Hasta bien entrado enero los piamonteses persiguen a las damas blancas guiados por los perros hasta desentrañar el velo de misterio que las rodea. De día y de noche, más cuando oscurece para que no se les vea. Al principio de la temporada los precios empiezan mostrándose algo más indulgentes con los bolsillos pero, según avanza, las posibilidades de que suban son manifiestas y tienen que ver principalmente con las lluvias. A los buscadores de trufas (triffulau) se les oye con frecuencia, como a los campesinos, quejarse de la meteorología, de la tierra seca y mezquina por culpa del famoso cambio climático. Hasta que empezaron a adiestrar a los perros, hubo un tiempo en que para rastrear se utilizaba a los cerdos -costumbre que en Francia todavía perdura- por su olfato más fino. El problema era que los cerdos, especialmente golosos, se comían las trufas. Durante siglos sólo los italianos del norte buscaron las perlas en la tierra. Más tarde la obsesión por esa deliciosa rareza al alcance de unos cuantos se extendió.

Aroma y textura

Ah, finalmente, la trufa no se cuece, hacerlo significa destruir su aroma y su textura, despojarla de su perfume. Si se puede pagar hay que comerla cruda utilizando un rallador sobre un plato caliente o tibio para que salga a relucir su intenso olor. En una pasta o, como una vez aprendí leyendo una receta de Alain Ducasse, acompañando un risotto con tuétano de vaca y vino blanco, caldoso, con mantequilla y parmesano, para finalmente rallar por encima la trufa. Un producto tan potente sólo hay que utilizarlo con otros ingredientes cuya simpleza evite solapar aromas y sabores.

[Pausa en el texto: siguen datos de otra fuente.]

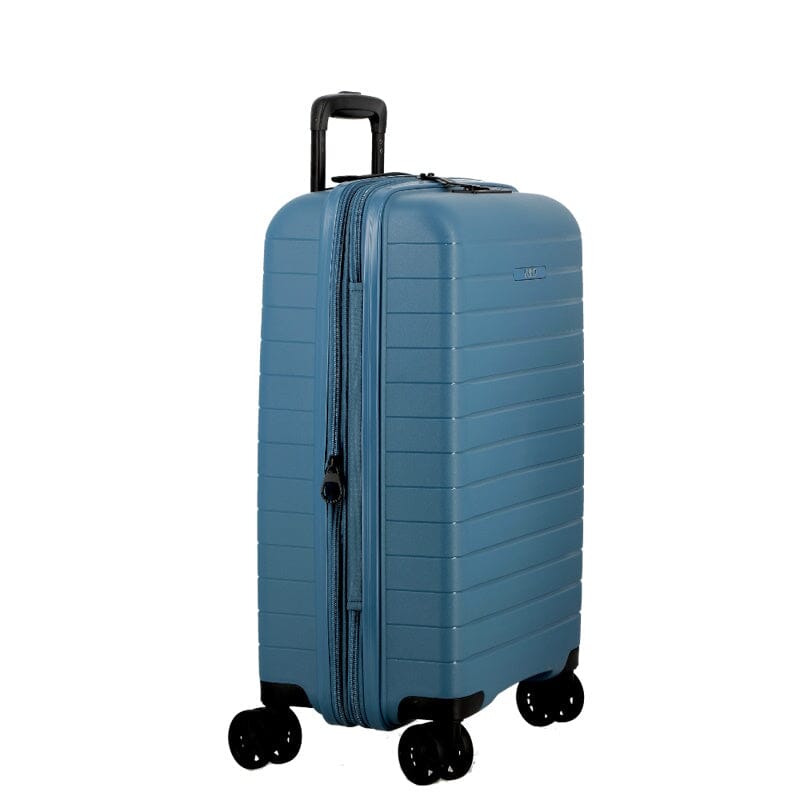 Jump Striper Handbagage Trolley 55cm Blue Jump 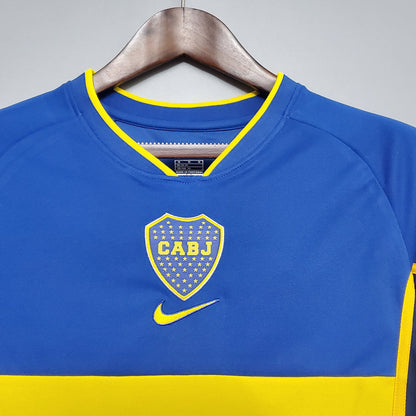 Boca Juniors Home Kit 2002-03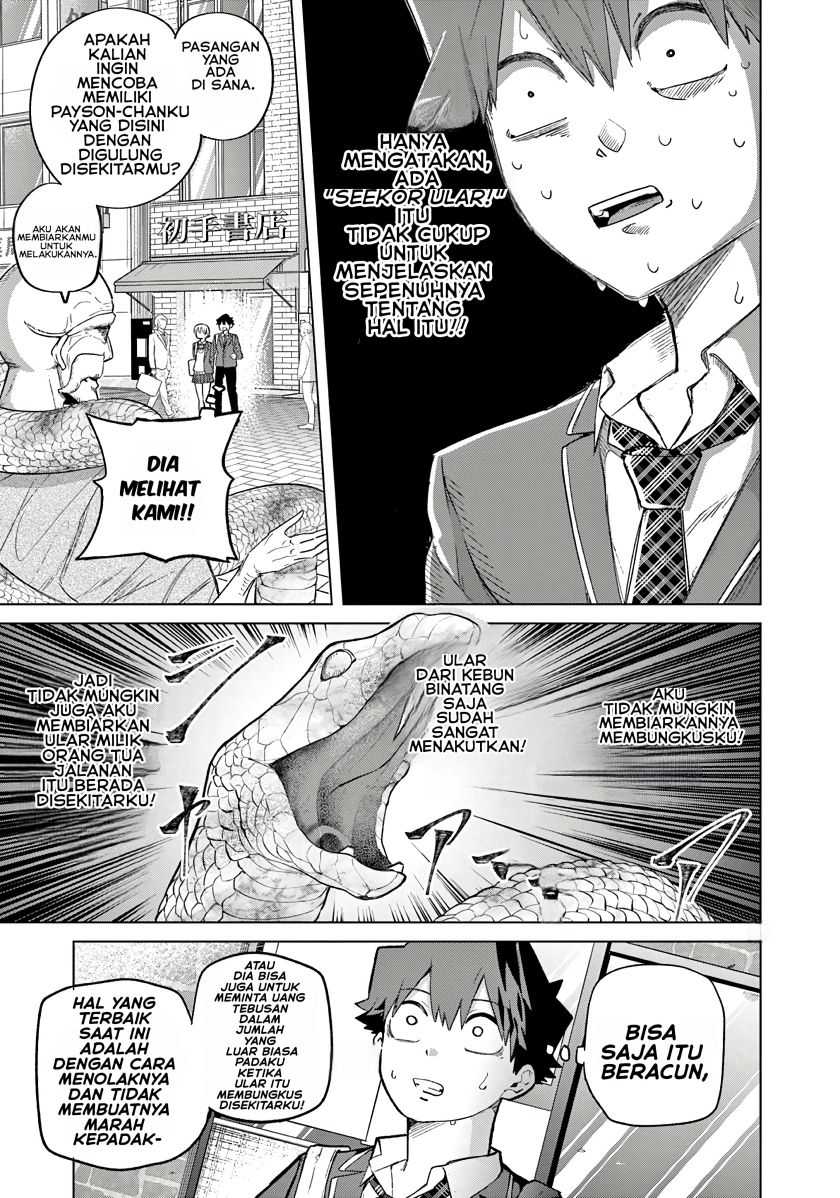 Koibami Shoujo Bab 04 halaman 15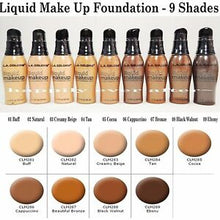 LA Colors  Liquid Make Up Foundation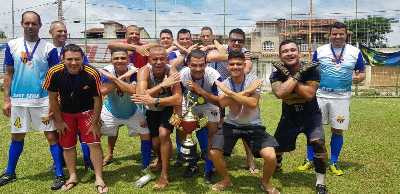 BRINKS CAMPEÃ!
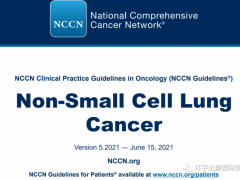 2021年V5版非小细胞肺癌NCCN指南,非小细胞肺癌靶向治疗方案和非小细胞肺癌免疫治疗方案新鲜出炉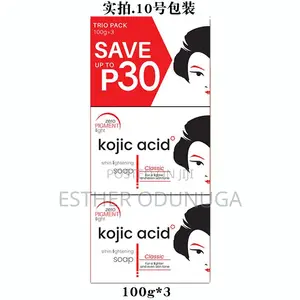 3 in 1 Kojic Acid Soap Pack(3pcs)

En el Perigord, existe la costumbre entre personas de posibles de comer la trufa negra entera y verdadera sous la cendre, sencillamente envuelta y sobre las cenizas de un fuego durmiente de forma que adquiera temperatura. Pero con unos huevos fritos o con una omelette baveuse (babosa) por la cremosidad de la yema también resulta un bocado de primera categoría. Y se me ha hecho la boca agua, porque lo que la comida no une sirve, en cualquier caso, para disfrutar.